I find myself spending more and more time thinking about and writing strategies of late – perhaps this is a sign of my advancing age! Before I started uni, I used to jump in and write code. A computer science degree taught me the benefits of planning what you were trying to do before rushing in. Moving this across to web development, this meant spending more time thinking about how the end-user would actually use the website in question, rather than how to solve the interesting coding problem that lay behind it all.
And now, as I spend more of my time thinking about how to get a particular message out to a particular group of people, this means thinking about what exactly that group of people are doing, and how what I’m trying to say will fit in with the rest of the things that they’re hearing, and the rest of the things that are important to them.
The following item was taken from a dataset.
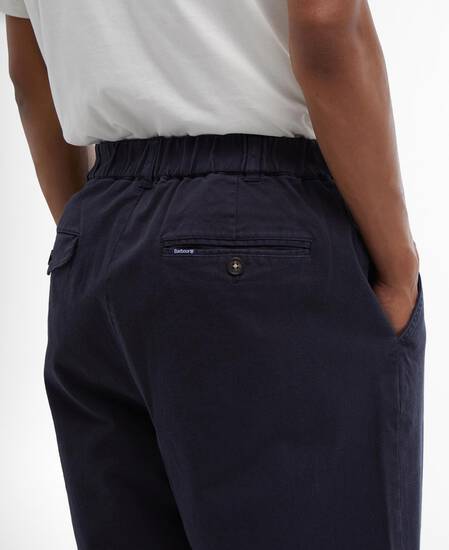 Pantaloni in tessuto stretch lavato dalla vestibilità comoda  Pantaloni in tessuto stretch lavato dalla vestibilità comoda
Strategy, though, this book (written by Richard Rumelt, a world-expert on strategy) tells us is often misunderstood. A goal (we want to be 50% bigger in a year) can often be put forth as a strategy (when you’re deciding what to do, give preference to those things that will make us 50% bigger in a year), but this falls short of what might be termed good strategy.
In essence, good strategy identifies an end point, describes the challenges involved in reaching that endpoint, and outlines the way that those obstacles can be overcome.
The book is packed with examples from the business world in a range of market segments, of bad strategy, accidentally good strategy, and (occasionally) deliberately good strategy. I found it helpful in working out the differences between goals, strategies and tactics, and helping determine the best approach to thinking through a new strategy.